TASK GOAL: Copy the data below exactly. Any pictures in it should be omitted.

*** ENTRIES PROVIDED ***

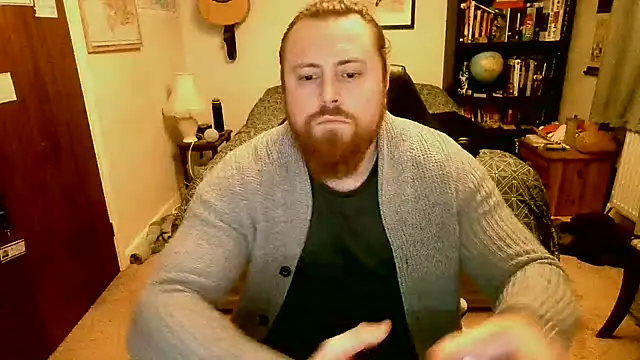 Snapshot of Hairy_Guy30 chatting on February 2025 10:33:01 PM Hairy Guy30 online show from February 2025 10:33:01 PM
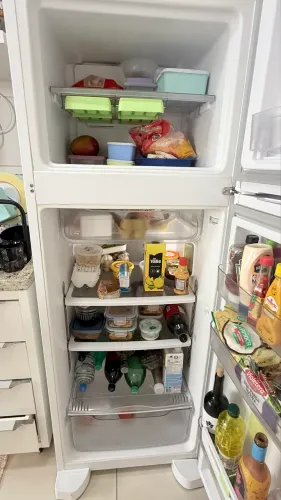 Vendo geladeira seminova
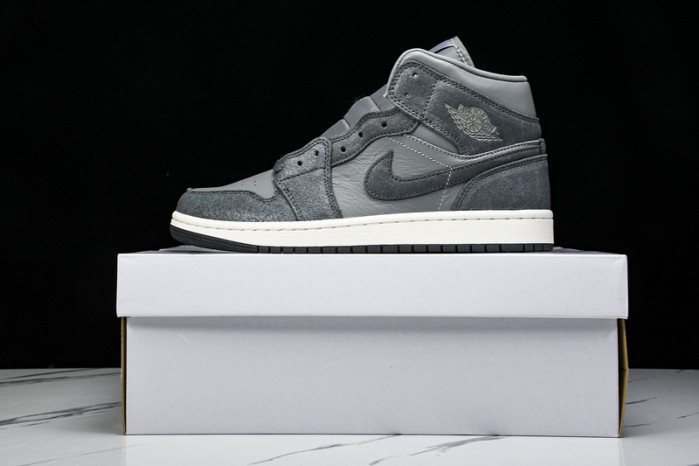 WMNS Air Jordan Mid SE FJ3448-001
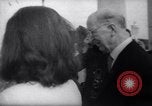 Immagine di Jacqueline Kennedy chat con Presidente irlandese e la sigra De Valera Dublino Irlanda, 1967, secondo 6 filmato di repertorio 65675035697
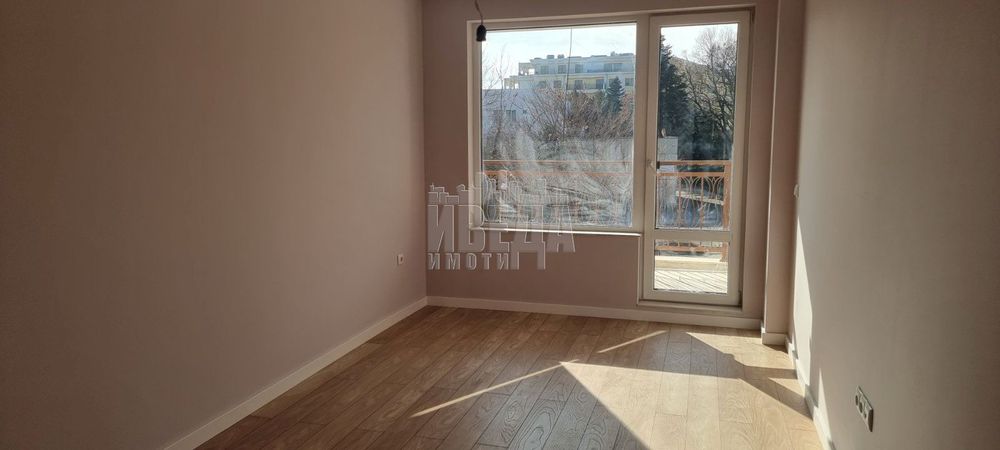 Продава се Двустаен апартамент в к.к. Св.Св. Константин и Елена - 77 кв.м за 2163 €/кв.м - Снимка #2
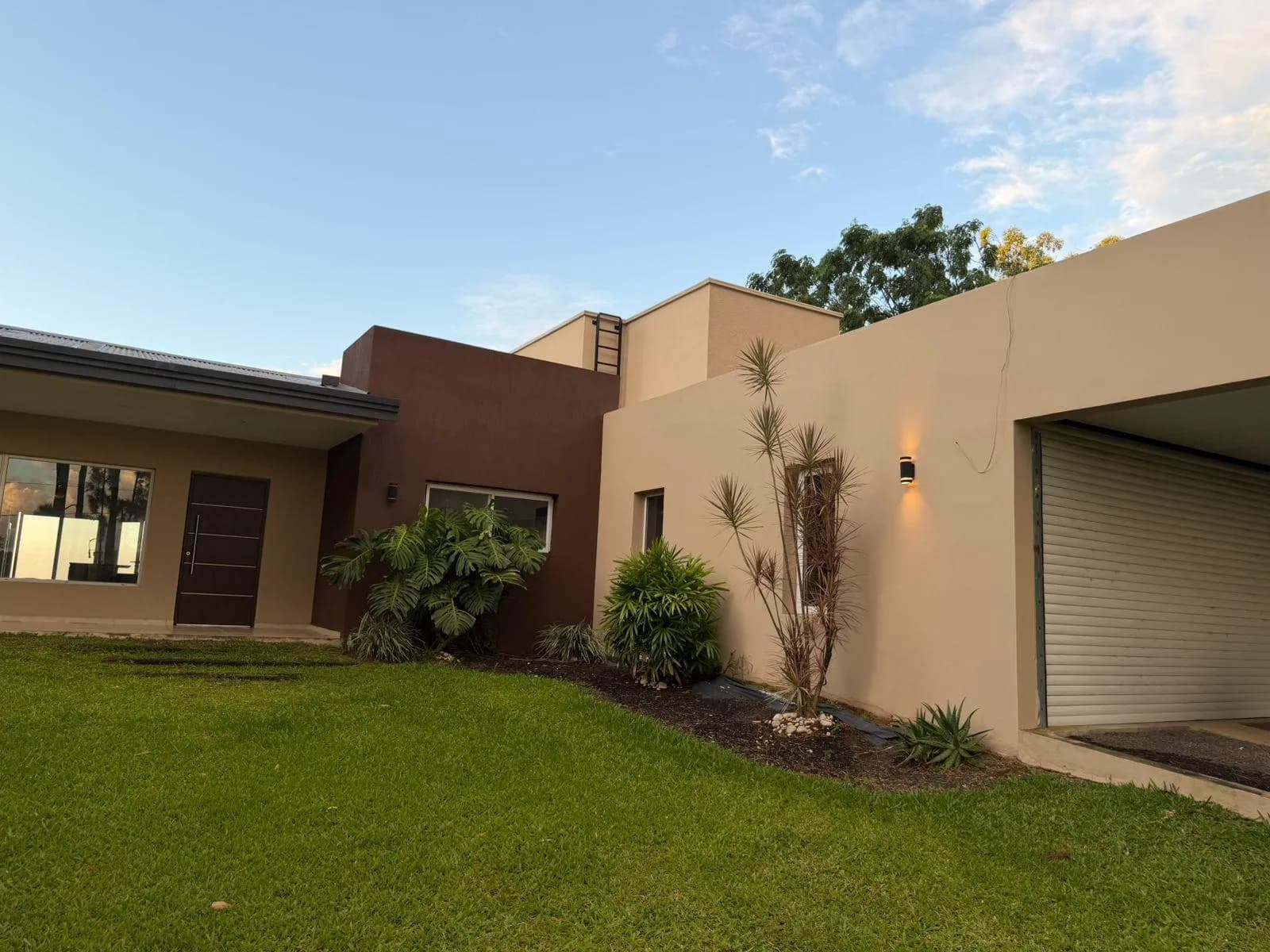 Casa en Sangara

*** End of ENTRIES PROVIDED ***

WRITTEN REPLY:
 Snapshot of Hairy_Guy30 chatting on February 2025 10:33:01 PM Hairy Guy30 online show from February 2025 10:33:01 PM
 Vendo geladeira seminova
 WMNS Air Jordan Mid SE FJ3448-001
 Immagine di Jacqueline Kennedy chat con Presidente irlandese e la sigra De Valera Dublino Irlanda, 1967, secondo 6 filmato di repertorio 65675035697
 Продава се Двустаен апартамент в к.к. Св.Св. Константин и Елена - 77 кв.м за 2163 €/кв.м - Снимка #2
 Casa en Sangara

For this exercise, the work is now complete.